Thanks to an unprecendented campaign, more non-Belgians will vote in the local elections next month. Still more efforts are required to strengthen local democracy though, argue Thomas Huddleston, VoteBrussels coordinator and Research Director at Migration Policy Group and Louise Nikolic, doctor in political and social sciences (ULB).
The official statistics are out: in Brussels, the number of non-Belgians voters doubled to reach 49,406 in just 5 months. That means the registration rate has risen to 17%, an increase of 24% compared to the 2012 local elections. Brussels registered more new voters than Flanders and Wallonia combined. 81% of all new voters since 2012 are Brussels residents. The registration rate in Brussels increased by 3 percentage points compared to 2012, while the rate decreased by one percentage point in Wallonia and two in Flanders.
What explains Brussels’ surprising success? The process started at a disadvantage. 14% of non-Belgians were registered in 2012, but only 9% remained registered in June 2018. Although non-Belgians could have registered at any time during the past six years, most communes did not start to inform or register them until June—less two months before the registration deadline.
In addition to this major delay, striking disparities persist across the 19 communes because most communes did not do much more in 2018 than in 2012: mostly information letters sent to non-Belgian voters and articles published in the communal magazine and website. The communes with the most active administrations and candidates – Bruxelles Ville, Etterbeek, Ixelles, Schaerbeek, Saint Gilles, Saint Josse – saw the greatest increases in their registration rates and numbers.
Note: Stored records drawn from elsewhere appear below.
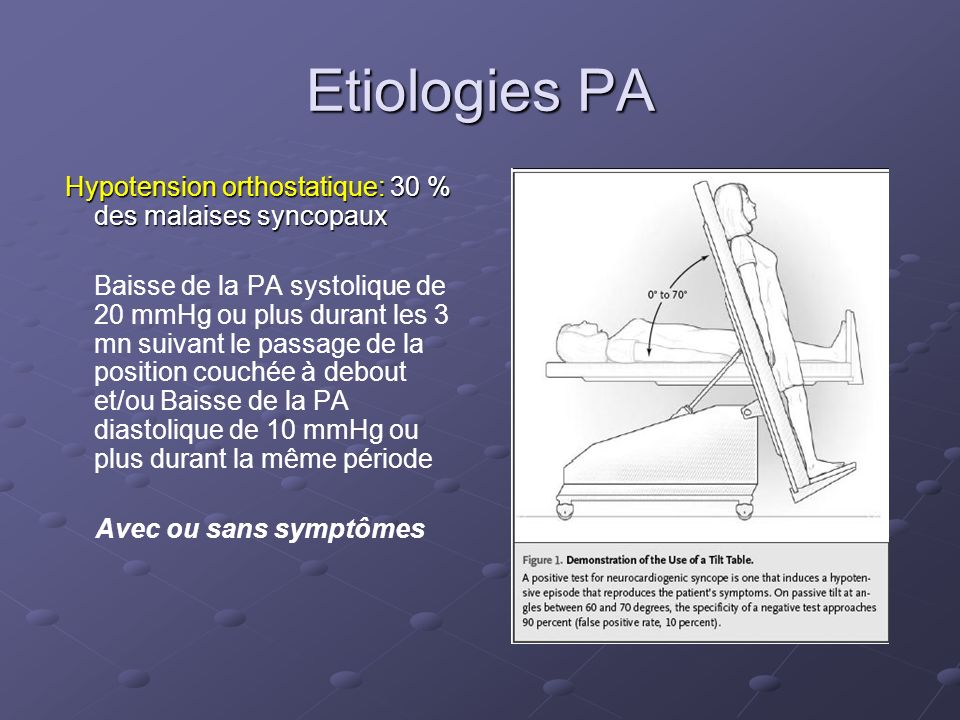 Etiologies PA Hypotension orthostatique: 30 % des malaises syncopaux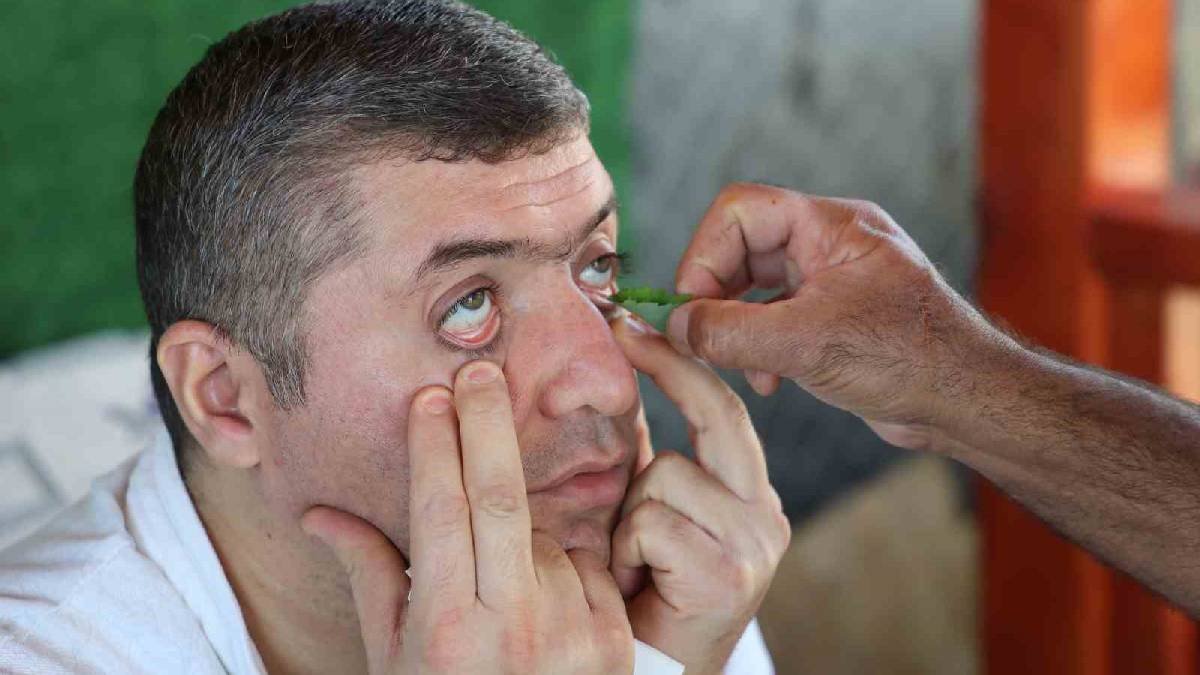 Şifalı diye gözüne damlattı, dünyası karardı! Uzmanlardan kırlangıç otu uyarısı
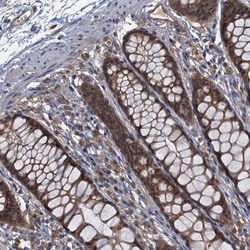 TBCK Antibody, Novus Biologicals 0.1mL; Unlabeled:Antibodies, Polyclonal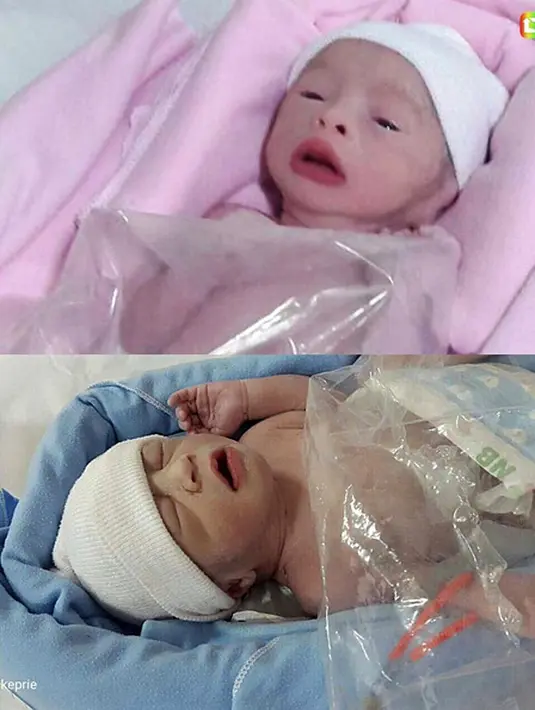Berdasarkan penuturan dokter yang menanggani, yang keluar duluan adalah berjenis kelamin perempuan. Baru setelah itu bayi mungil laki. Seperti bayi kebanyakan, setelah terlahir didunia langsung nangis. (Instagram/suryasaputra)
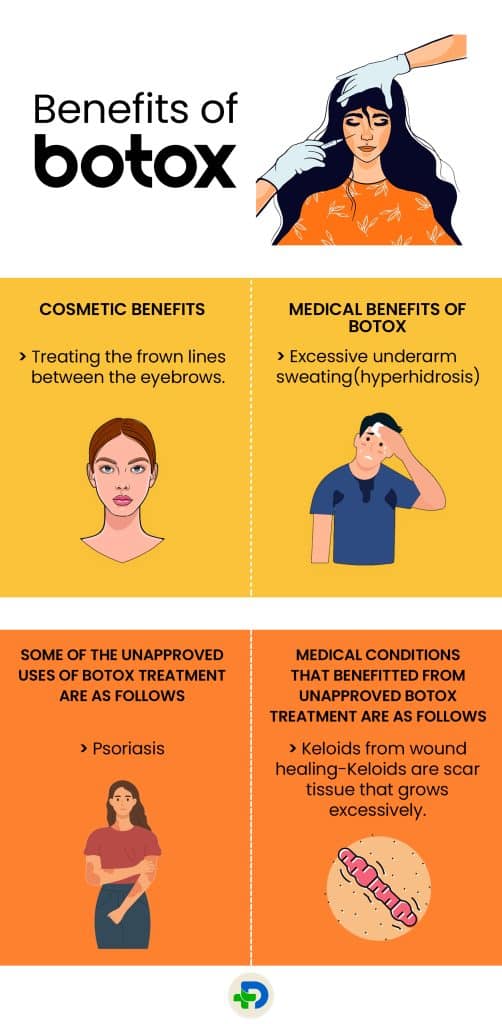 Benefits of Botox.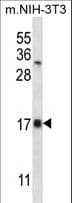 SELK / Selenoprotein K Antibody (aa32-61)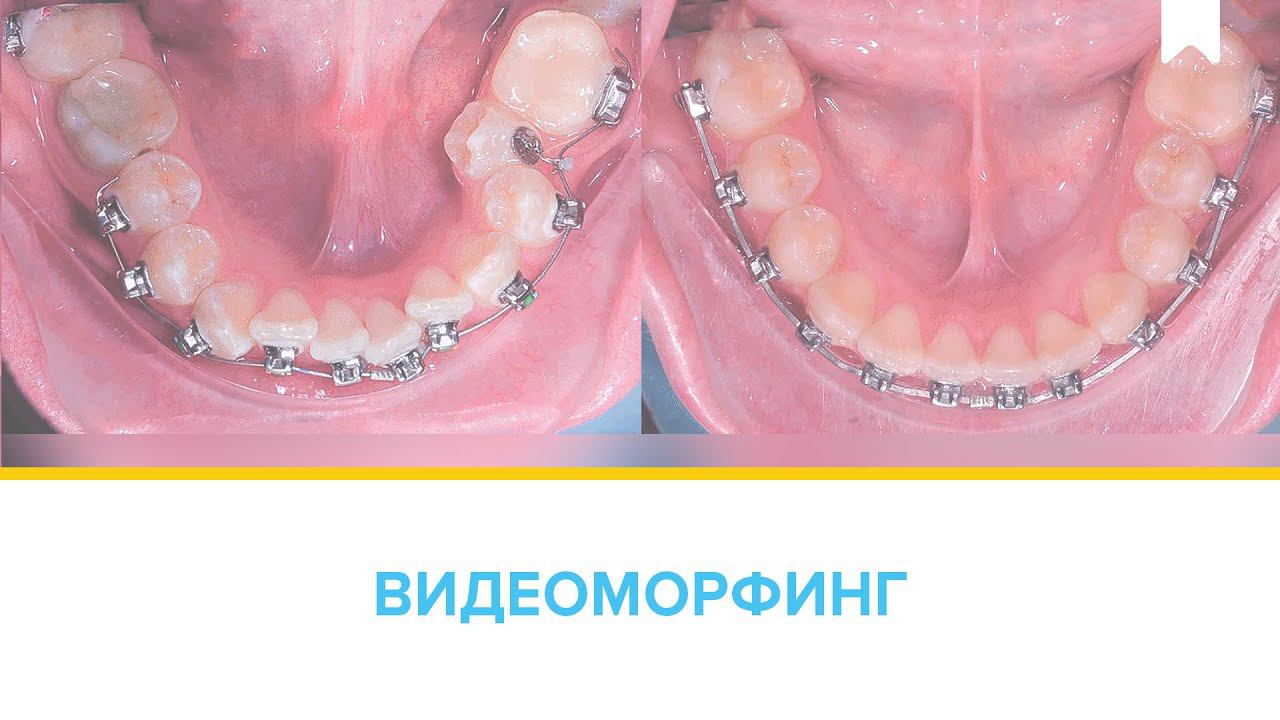 Лечение скученности с удалением цифровыми брекетами INSIGNIA.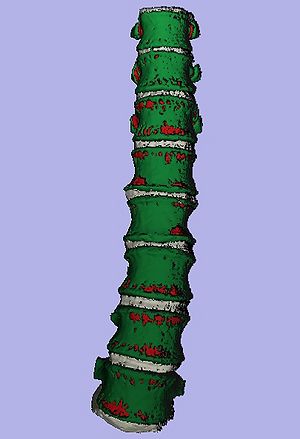 Radnostics Spine Segmentation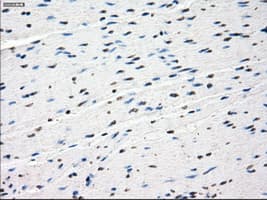 SSX2 Antibody (clone OTI4A11)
What made the real difference in 2018? For the 1st time, the Region, the European Commission and the Brussels Commissioner for Europe got involved and worked with volunteers to adopt effective methods to reach new voters:
- Multilingual websites, brochures and letters to all eligible voters and to all staff of the European Institutions
- Email applications accepted in 15 of the 19 communes, thanks to guidance from the Region
- Networks of volunteers like VoteBrussels, funded by the Region and the European Commission, to answer questions through social media and face-to-face events, such as a Day of Action in the major European Commission buildings
With this unprecedented campaign behind us, what could the future of Brussels democracy look like?
Perhaps the most Belgian solution would be to abolish the obstacle of prior voter registration. Voter registration has not been part of Belgium’s democratic culture for 125 years since obligatory voting in 1893. As a result, authorities and political parties do not spend the time and resources required to reach nearly 300,000 people.
Lack of information on voter registration and obligation voting remain the principal reasons why most non-Belgians do not register. Belgium’s top experts on the topic (Philippe van Parijs and Dirk Jacobs) recommend that the federal parliament make voter registration automatic for all potential voters (Belgian and non-Belgian), as in other EU countries, and make voting either voluntary or obligatory, but with the right to opt-out for non-Belgians as required by EU law.
But Brussels cannot wait for a potential federal reform because of the democratic deficit that is unique and urgent for the Region and its communes. 20% of potential voters do not vote because they are not registered, while an additional 15% of Belgian registered voters choose to abstain from voting. That means that around 40% of all Brussels voters – Belgian and non-Belgian – will not vote in October. The old way of doing democracy no longer functions in Brussels.
The solution is simple: voter registration needs to become quasi-automatic. The authorities should continue and strengthen what they began with the European institutions and their non-partisan volunteers. The letter of the Region, made more simple and personal, is automatically sent to each newcomer and resent every few years. They can then register online (email, Iris-box, e-guichet) and be invited to ‘ateliers démocratiques’ to learn more about the participatory policies of Brussels communes, region and associations.
In order to better coordinate this process with the communes, the Brussels Region should take the lead, as the Region is the entity responsible for the organisation of the local elections, the integration of newcomers and the European institutions present on its territory. A regulation and a budget should be adopted and the Office of the Brussels Commissioner for Europe should be reinforced. The European Institutions should also contribute. This process could already be piloted for Europeans for the European elections in 2019.
Due to the presence of the European institutions, Brussels is home to some of Europe’s top experts on the great challenges facing the Region and its communes: urban planning, mobility, environment, energy, inequalities, entrepreneurship, integration, security and so on. Surveys suggest that non-Belgians agree with their Belgian neighbours on most election and reform issues. More and more are running as candidates, but many more want to give back to their neighbourhood where they feel at home.
The Brussels Region, as the diverse and mobile capital of Belgium and Europe, must reinvest in its democracy with ongoing voter registration. Greater participation would mean more competitive and inclusive elections and greater legitimacy and trust for its elected officials, for the benefit of all.